Nuxi The CloudABI Development Blog

Porting LevelDB to CloudABI

February 18, 2017 by Ed Schouten

Two weeks ago I gave two talks at FOSDEM: one where I gave a general overview of the CloudABI project and one where I discussed how CloudABI works on FreeBSD. Though I think that both talks give a good insight in the project, there are always topics that didn’t make the cut, due to time on stage being limited.

Today we’re going to cover one of such topics, namely how one goes about porting a piece of software to CloudABI. Though there is no universal recipe for this, let’s take a look at the steps I have made to port LevelDB. This will give us technical insight in both the workings of CloudABI and LevelDB.

Introducing LevelDB

LevelDB is a high-performance persistent key-value store that is implemented as a C++ library. Due to it being a library, it can easily be embedded into programs. It doesn’t need to run as a separate service. It also doesn’t support any clustering or replication, but it’s important to keep in mind that this can be implemented as a layer on top. Distributed databases like Google’s Bigtable partition rows in a table into so-called tablets, which can be spread out across systems in a cluster.

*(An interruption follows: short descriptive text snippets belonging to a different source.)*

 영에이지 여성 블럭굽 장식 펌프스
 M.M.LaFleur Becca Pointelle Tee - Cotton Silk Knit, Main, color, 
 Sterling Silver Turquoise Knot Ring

LevelDB uses a data model similar to Bigtable’s internal tablet format. The data structures that LevelDB uses are often collectively referred to as a log-structured merge-tree. Ilya Grigorik wrote a nice article on his weblog that accurately summarises how they work.

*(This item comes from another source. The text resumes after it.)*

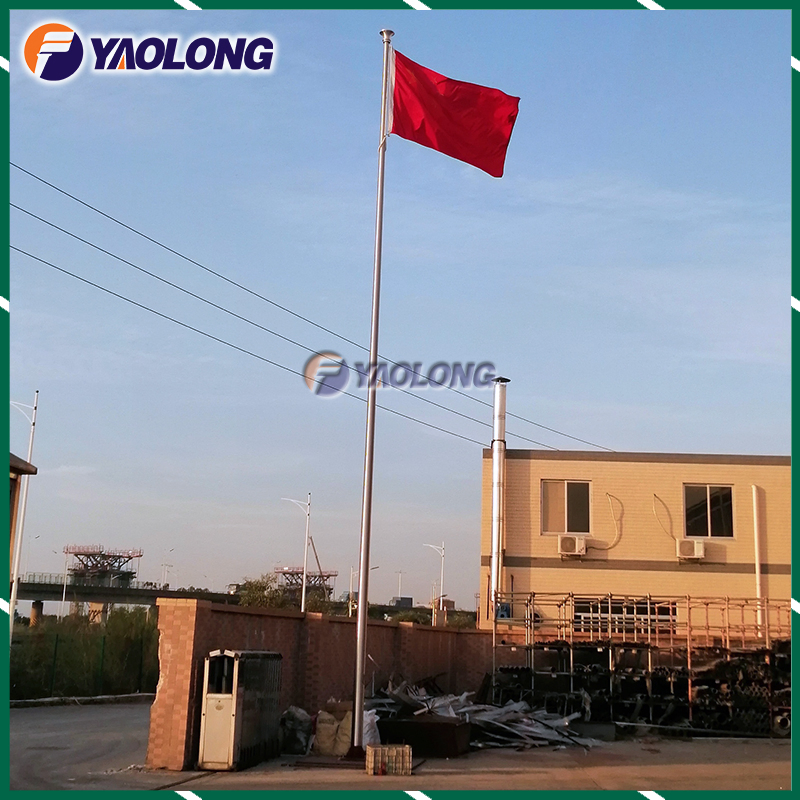 Customized SS304 SS316L High Cost-Efficiency Stainless Steel Flag Pole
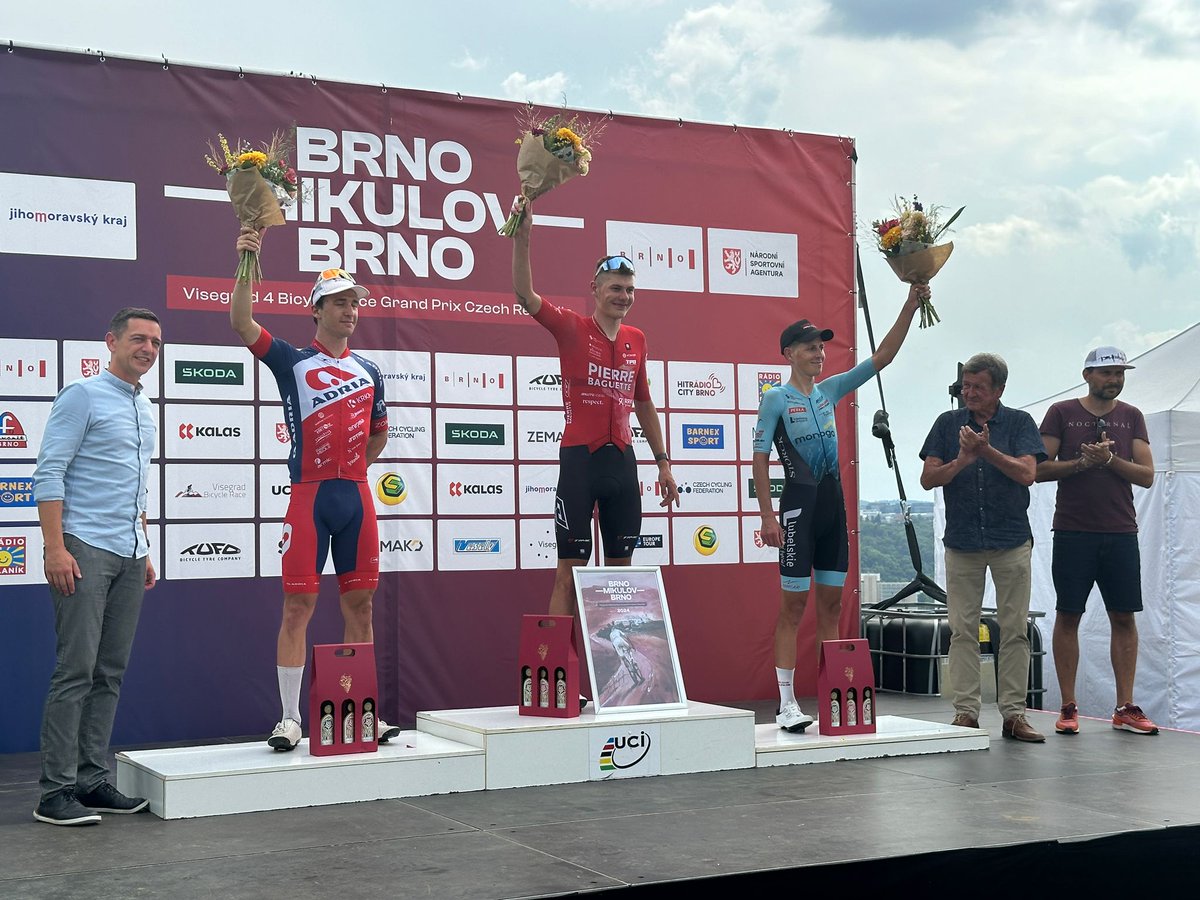 AMcyclingteam's tweet photo. Visegrad 4 Bicycle Race - GP Czech Republic(1.2), Brno, Barnabas Peak - 🥈Congrats !💪💪💪 https://t.co/NRzR0DxXkI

Having LevelDB packaged for CloudABI is nice to have, as it allows our users to experiment with building services that need to keep track of persistent data, while still being very strongly sandboxed.

Getting LevelDB to build

Okay, enough talking about LevelDB. Let’s actually get it ported over to CloudABI. The first step is to download the source tarball and extract it.

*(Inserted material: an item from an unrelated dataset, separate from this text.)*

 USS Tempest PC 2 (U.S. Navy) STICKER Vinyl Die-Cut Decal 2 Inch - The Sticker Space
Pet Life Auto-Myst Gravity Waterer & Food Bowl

$ wget https://github.com/google/leveldb/archive/v1.19.tar.gz
$ tar -xf v1.19.tar.gz
$ cd leveldb-1.19

LevelDB uses a simple Makefile to build its sources. After browsing through this file, we can determine that we have to invoke make with a couple of variables set. First of all, we need to ensure that we’re using the right build tools (AR and CC). As CloudABI executables are always linked statically, we can disable shared library support (SHARED_LIBS). For now, there is also no need to build any command line utilities (SHARED_PROGRAMS and STATIC_PROGRAMS). Finally, LevelDB’s build infrastructure depends on a variable specifying for which operating system to target (TARGET_OS).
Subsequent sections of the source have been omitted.